Each XAI technique will use a different process to provide an explanation of a machine learning model, but ultimately all use at least one of two core ideas. ‘Self-explaining’ techniques limit the complexity of a model as it trains, so that when finished, the model is simple enough to directly interpret its inner workings. On the other hand, ‘post-hoc’ methods perform analysis of the internal workings of any pre-existing model, regardless of complexity, and produce statistics to explain the model to a human.

 
 
 

How much can XAI explain?

Different XAI techniques can give varying levels of insight, with three main options. Local techniques explain how a model makes a specific prediction or decision; the technique is provided with a given input to the model and explains the output that the model returns. With a local model, we can look to answer the question “Why did the GPS send me through a field on my drive today?”

However, cohort techniques can give a mass explanation of a collection of similar data points all at once, helping provide a general overview of how a model might give a specific outcome. For instance, we could use a cohort method to know “Why does the GPS send me through fields?”

Lastly, global techniques explain a model in its entirety, with little to no reference to the input data points, but instead providing a general understanding of how the model makes decisions on any input. With a global method, we can know “How does the GPS use the route length, quality, etc. to choose a route?”

Each of these techniques are useful in its own right, because the question each answers is different. A global method is often unhelpful in explaining an individual prediction if that prediction is not very representative of the whole dataset. Conversely, it would be false to generalise the model from a local explanation, which only gives a scope of view.

What XAI techniques exist?

As a growing field of AI research, a wide variety of techniques exist. Some are suited to specific models, such as working best on neural networks, or decision trees. Other techniques are known as ‘model agnostic’ and can be applied to all possible models, and it is on one of these that we will focus on, known as SHAP.

SHAP (SHapely Additive exPlanations) is an incredibly popular XAI technique, which is:

  • Model agnostic, so can be used on all types of models

  • Capable of local, cohort, and global explanations, so can provide both sweeping overviews and specific details

  • A post-hoc method, so can be applied to models that already exist without needing to retrain them.

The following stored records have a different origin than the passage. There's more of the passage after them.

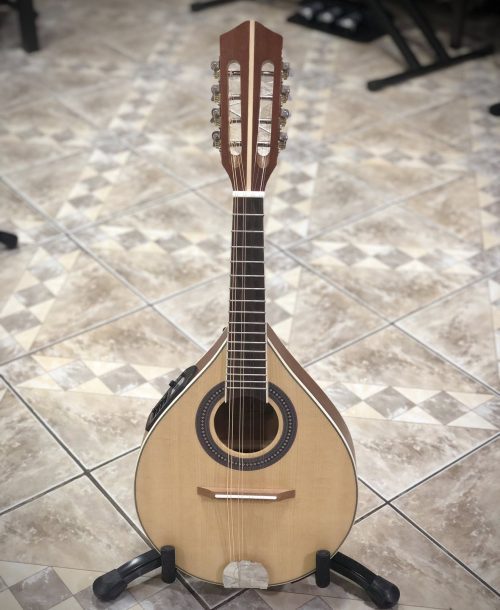 Mandolina Electroacústico de 10 Cuerdas GCR M-10E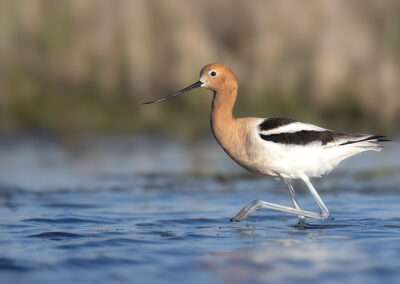 Avocet Foot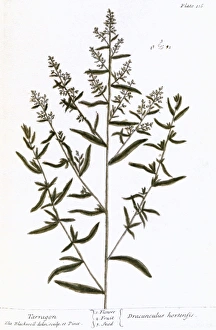 TARRAGON, 1735. The tarragon plant (dracunculus hortensis) TARRAGON, 1735. The tarragon plant (dracunculus hortensis)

SHAP was invented in 2017 by Scott Lundberg and Su-In Lee. Lundberg and Lee built upon ideas of previous XAI methods, and combined those into a single flexible and consistent schema. Since its inception, it’s been well established as a gold standard in the field of XAI. As well as the flexibility noted above, it also has a strong mathematical and statistical grounding, keeping it rigorous, and a python library already exists to implement it, making it easy to use.

How does SHAP work?

Given an input datapoint, SHAP aims to allocate each feature a score to detail in what direction the feature value contributed to the output, and on what scale. Take the example of the GPS taking you through a muddy field rather than a nearby road, and let’s focus on the feature detailing the length of a route. SHAP might give the field’s length a score of +1.7, with the + indicating that the field route being short helped the model to suggest it, and the 1.7 (being large) showing this knowledge heavily contributed to the final decision. Maybe on a different, long route, SHAP gave the distance a score of -1.8, i.e. the route length significantly helped the model to not recommend it.

If we run this technique over a variety of data points, we can begin to build up a general picture of how each feature of the model is used; perhaps on lots of navigation requests, a route being short heavily contributed to that route being chosen, and we conclude that the model favours short routes.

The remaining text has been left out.